Urology
Volume 66, Issue 5 , Pages 1038-1042, November 2005

Estimation of treatment benefits when PSA screening for prostate cancer is discontinued at different ages

  • Kevin S. Ross

      Affiliations

    • Department of Urology, Johns Hopkins University School of Medicine, Baltimore, Maryland
  • ,
  • Harry A. Guess

      Affiliations

    • Department of Epidemiology, University of North Carolina at Chapel Hill School of Medicine, Chapel Hill, North Carolina
  • ,
  • H. Ballentine Carter

      Affiliations

    • Department of Urology, Johns Hopkins University School of Medicine, Baltimore, Maryland
    • James Buchanan Brady Urological Institute, Johns Hopkins Hospital, Baltimore, Maryland
    • Corresponding Author InformationReprint requests: H. Ballentine Carter, M.D., Department of Urology, 403 Marburg, Johns Hopkins Hospital, 600 North Wolfe Street, Baltimore, MD 21287-2101.
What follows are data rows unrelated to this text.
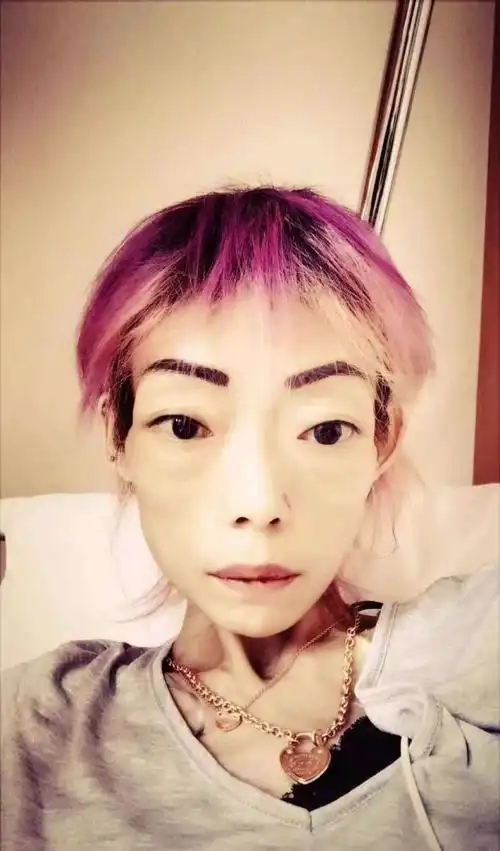 最惨正宫遭抛弃牙齿全掉暴瘦到44斤今病情严重卖收藏凑药钱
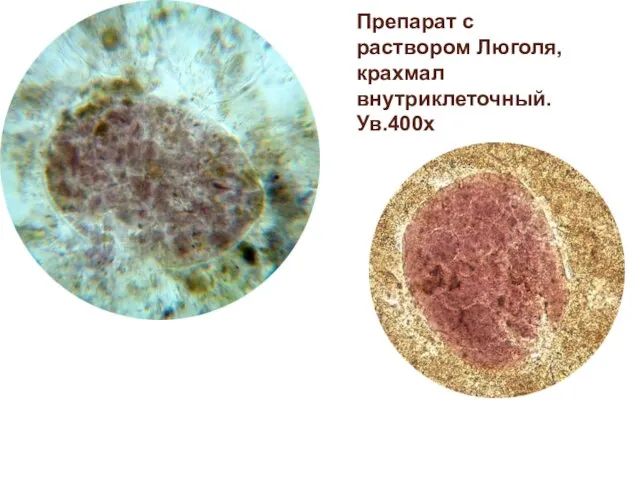 Препарат с раствором Люголя, крахмал внутриклеточный. Ув.400х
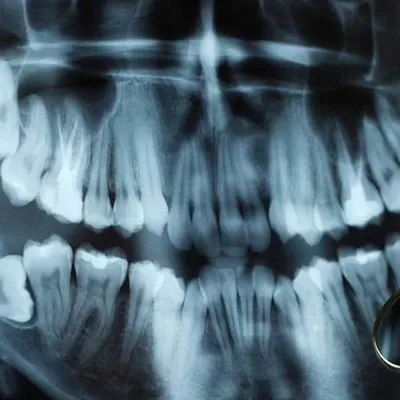 Digital Orthopantomogram (OPG) Service service image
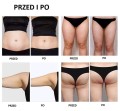 Maszyna Do Modelowania Sylwetki Ujędrnienie Lifting Budowanie Mięśni Redukcja Tłuszczu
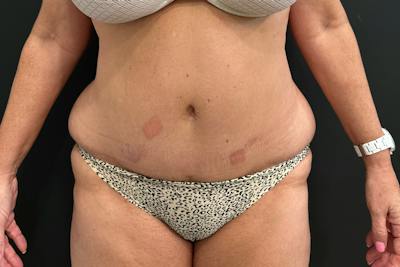Excess Skin Removal Before & After Gallery - Patient 202764 - Image 1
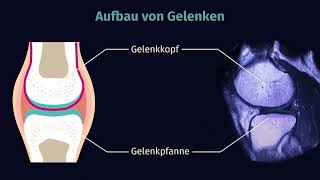 Gelenke – Bau und Typen einfach erklärt  sofatutor [upl. by Alda]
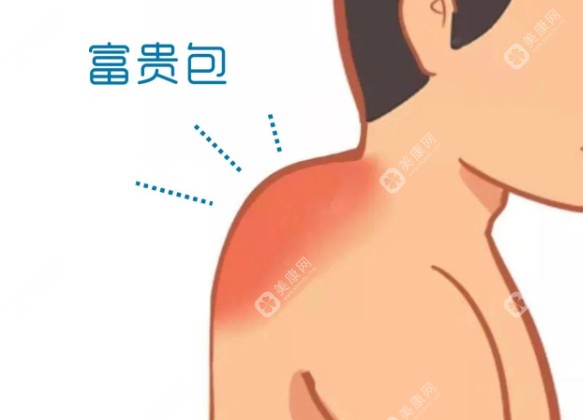 黃學(xué)峰一針消除富貴包靠譜么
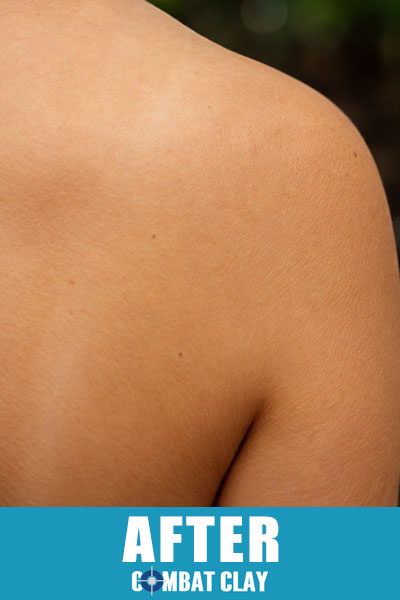 Clear healthy skin on shoulder after using Combat Clay Soothing Skin Spray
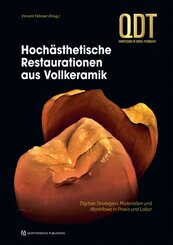 Hoch&auml;sthetische Restaurationen aus Vollkeramik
Received 28 August 2004; accepted 12 May 2005.

Abstract 

Objectives

To estimate the declining benefits of screening for prostate cancer as patient age at screening increases. The benefits of prostate cancer screening decline with age because of the long natural history of prostate cancer and competing causes of death among older men.

Methods

We used a previously described Monte Carlo simulation based on a Markov model of prostate cancer detection in men aged 40 to 90 years and simulated prostate cancer screening in 1000 populations of 1,000,000 men each. The age at the final prostate-specific antigen test in the model was varied to simulate the discontinuation of screening from age 50 to 80 years. The model outputs were the number of men treated, the number of prostate cancer deaths prevented by treatment, and person-years of life saved.

Results

The relationship between treatments required to prevent a death was not constant but widened with age. Compared with screening to age 65 years, screening to age 75 and 80 years required twice and three times, respectively, the number of treatments per person-year of life saved.

Conclusions

Our results have helped to quantify the declining treatment benefit as the patient age at screening and treatment for prostate cancer increases. We believe that men older than 70 years should be carefully counseled about the declining benefits of prostate cancer detection with screening.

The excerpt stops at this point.